13.             Nothing can quench our soul’s thirst . . . Except the water that flows from Jesus.  The Pentecost Good News! Jesus pours out from heaven his Holy Spirit. Jesus floods the world with his Good News. Jesus pours out his Spirit that we might trust him. Like a river, sparkling, fresh, life-giving water poured out on dead-dry bones, Jesus pours out his Spirit on us.  He does it with water! Baptismal water! Plain, earthly water, flooding over us with his powerful Word!  It’s the same as on that first Pentecost Day. These people, hearing Peter, were cut to the heart. “Our sins killed the Messiah! How can we be saved?” Peter told them, “Repent and be baptized.. . . You will receive the gift of the Holy Spirit” (Acts 2:38).
14.             Interestingly, this isn’t the first time Jesus has spoken about living water. Earlier, when Jesus conversed with the Samaritan woman at the well, He offered her living water (4:10).  In John 4:10, 10Jesus answered her, “If you knew the gift of God, and who it is that is saying to you, ‘Give me a drink,’ you would have asked him, and he would have given you living water.”  What was then said in private is now being proclaimed publicly. What was said in Samaria is now uttered in Jerusalem. In both cases there is a future harvest in view.
15.             With the Samaritan woman at the well, Jesus opens the eyes of His disciples to the field ready for harvest as the Samaritans from the town come to the well to greet them. With the people of Israel in Jerusalem, Jesus opens their eyes to a future harvest that will come when the Spirit is poured out at Pentecost.  In either case, there’s a stress on the living water of the Spirit. Yes, Pentecost celebrates the outreach of the Spirit to all nations, but first it celebrates the in-reach of the Spirit among those who believe. Whether they are in public or in private, whether they are an Israelite or a Samaritan, Jesus gives them living water, the gift of the Holy Spirit, from whom divine life will continue to flow.

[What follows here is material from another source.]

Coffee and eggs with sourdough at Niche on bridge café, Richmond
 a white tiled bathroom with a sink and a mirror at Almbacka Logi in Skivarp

16.             God’s love isn’t bound by our experiences of separation. Christ has borne our sin in crucified isolation so He might be our salvation in all places of life. He promises us the living water of His Spirit. His is an internal resource that never fails. 
17.             Maybe during the Stay at Home Order, you found yourself drinking from the living water of this Spirit. The resources may have been old. A practice of family devotion long forgotten as the kids got older. A Bible reading plan you had not looked at in years. Deeper conversations with loved ones that led to deeper conversations with God. No matter how old, how unused, how forgotten, these ancient things are the source of living water. They continued to sustain you after all these years.  In your Baptism, Jesus promised you, “Whoever is thirsty . . . come to me and drink.” He provides streams of life-giving water that flood you with life. In him you are alive. His life and his love flow in us out from us to our world!  On this Pentecost Sunday we recognize that Jesus Christ is the source of the Spirit and that Spirit will never fail. Jesus offers us His promise of living water, the life of the Spirit, and that life flows from the heart of all who believe.  Amen.  Now the peace of God that passes all understanding guard your hearts and minds in Christ Jesus until life everlasting.  Amen.